# Exercise description
Please print exactly the lines from the one containing "Sunset above Mount" through the last line of the records, and only those. Leave out any pictures.

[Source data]

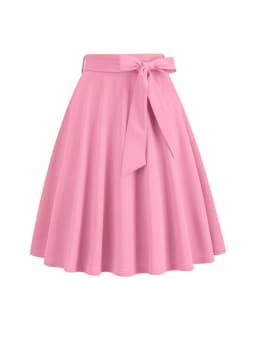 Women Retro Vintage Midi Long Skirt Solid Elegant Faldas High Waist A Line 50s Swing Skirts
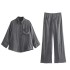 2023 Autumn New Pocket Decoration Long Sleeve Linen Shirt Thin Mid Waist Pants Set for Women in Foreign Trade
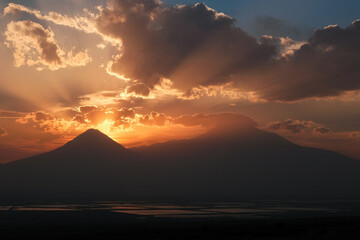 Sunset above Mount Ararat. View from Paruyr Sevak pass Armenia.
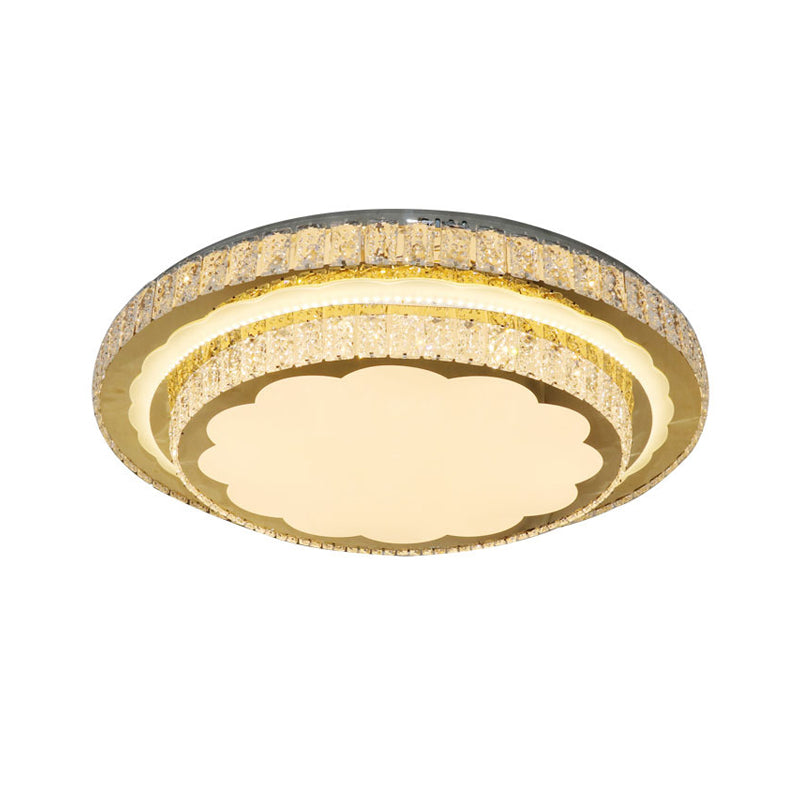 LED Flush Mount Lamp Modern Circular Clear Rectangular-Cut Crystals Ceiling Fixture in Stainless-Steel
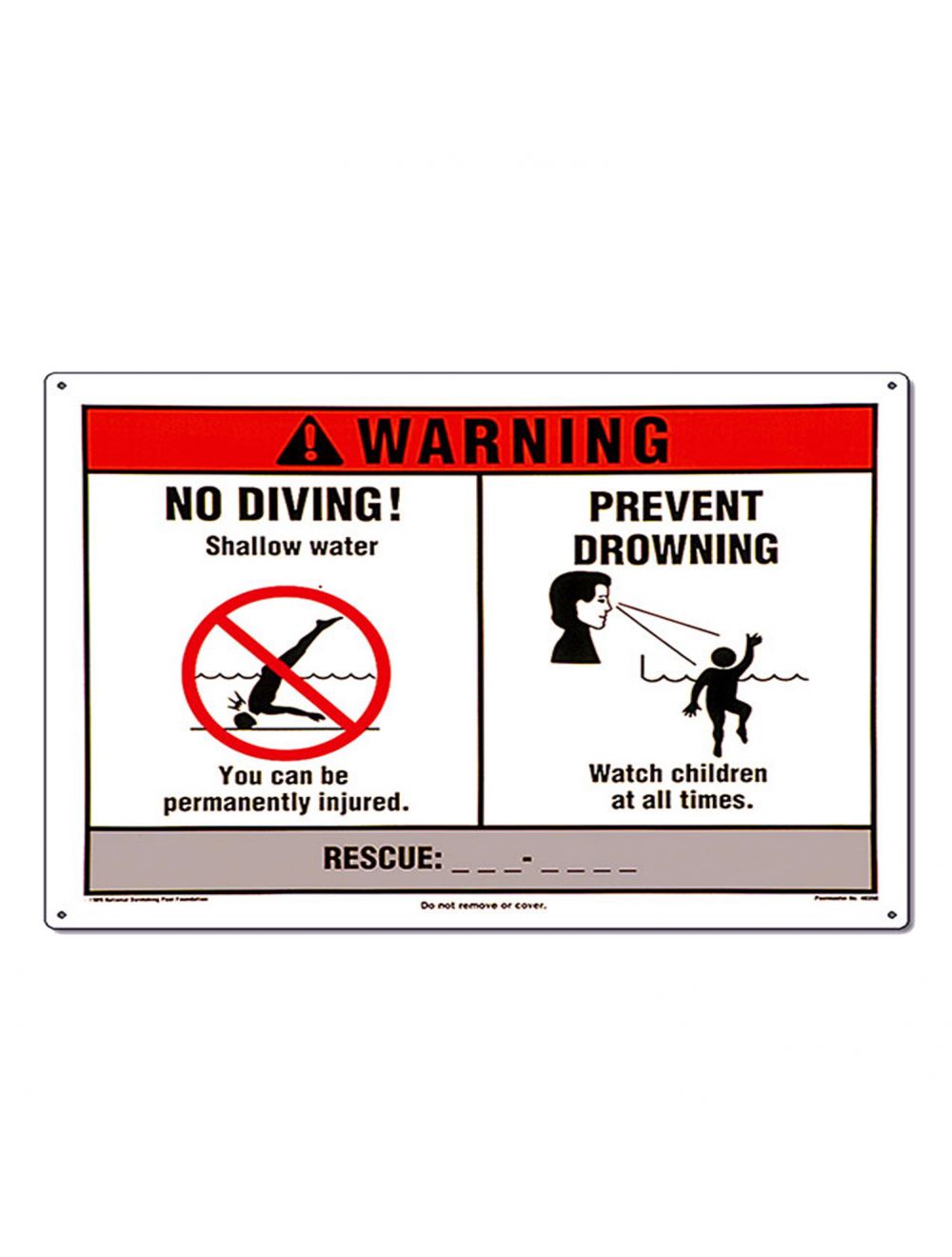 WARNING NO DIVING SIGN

# Problem solution
 Sunset above Mount Ararat. View from Paruyr Sevak pass Armenia.
 LED Flush Mount Lamp Modern Circular Clear Rectangular-Cut Crystals Ceiling Fixture in Stainless-Steel
 WARNING NO DIVING SIGN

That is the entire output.